9780312282936: White Stone Day

Inhaltsangabe

"I mark this day most especially with a White Stone."
---Lewis Carroll, The Diaries of Lewis Carroll

Edmund Whitty, a London newspaper correspondent who can usually be counted upon for crisp and lurid copy, has fallen upon lean times. After his triumphant exposé of a notorious serial killer, he has inexplicably lost his knack for sensational reporting. Broke and desperate, he seizes upon a generous offer from a mysterious American to discredit a quack psychic. But how, he ends up wondering uneasily, does the psychic know so much about a scandal involving Whitty's late brother?
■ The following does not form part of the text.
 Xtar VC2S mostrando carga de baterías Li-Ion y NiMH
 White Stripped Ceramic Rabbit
When the psychic is brutally murdered, Whitty finds himself accused of the crime and thrown into Milbank prison, the most bizarre institution of its kind in England. Help comes unexpectedly from "the Captain," a gangster not known for charity work. To save his own skin, Whitty must find the men responsible for the disappearance of the Captain's young niece, Eliza.
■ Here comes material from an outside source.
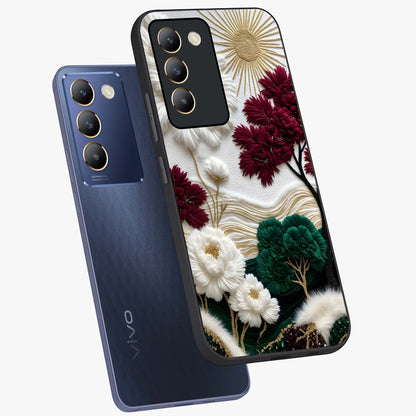 Radiant Bloom Elegance Glass Case displayed in angled mockup highlighting graceful floral design with radiant aesthetic style.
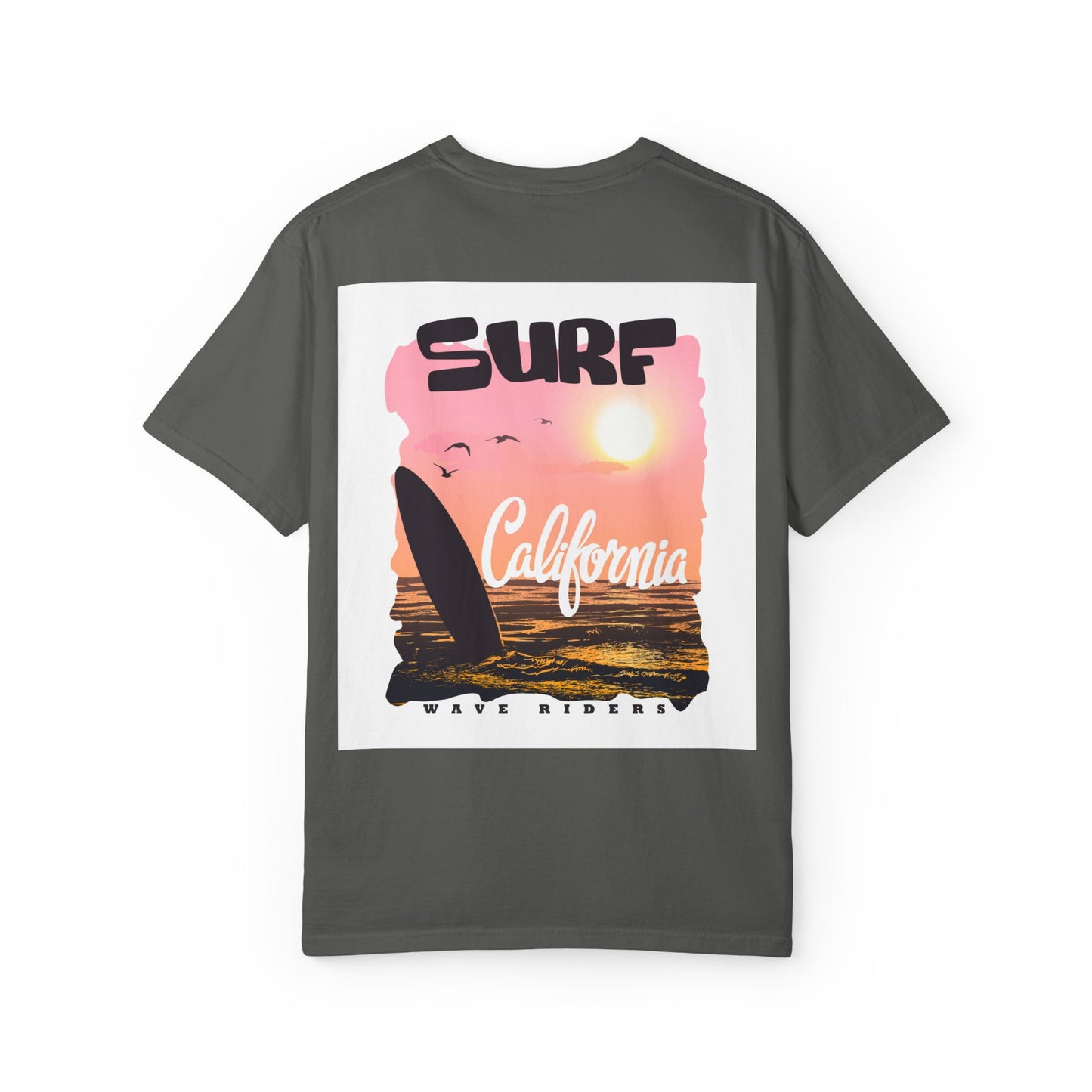 California Surf Graphic Tee - Unisex Garment-Dyed T-Shirt for Beach Lovers, Summer Vibes, Gift for Surfers, Casual Wear,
Whitty's search takes him to Oxford, where he meets the brilliant and eccentric Reverend William Boltbyn, a renowned children's author who delights in playing croquet, devising elaborate stories, and taking artistic photographs of little girls. There he uncovers a looking-glass world, the dark side of Victoriana, and the murder of innocence.

John MacLachlan Gray, who evoked "the mean streets and byways of 1852 London with a skill worthy of Dickens" (Publishers Weekly) in The Fiend in Human, spins an even more irresistible tale of dark secrets behind the facade of Victorian respectability.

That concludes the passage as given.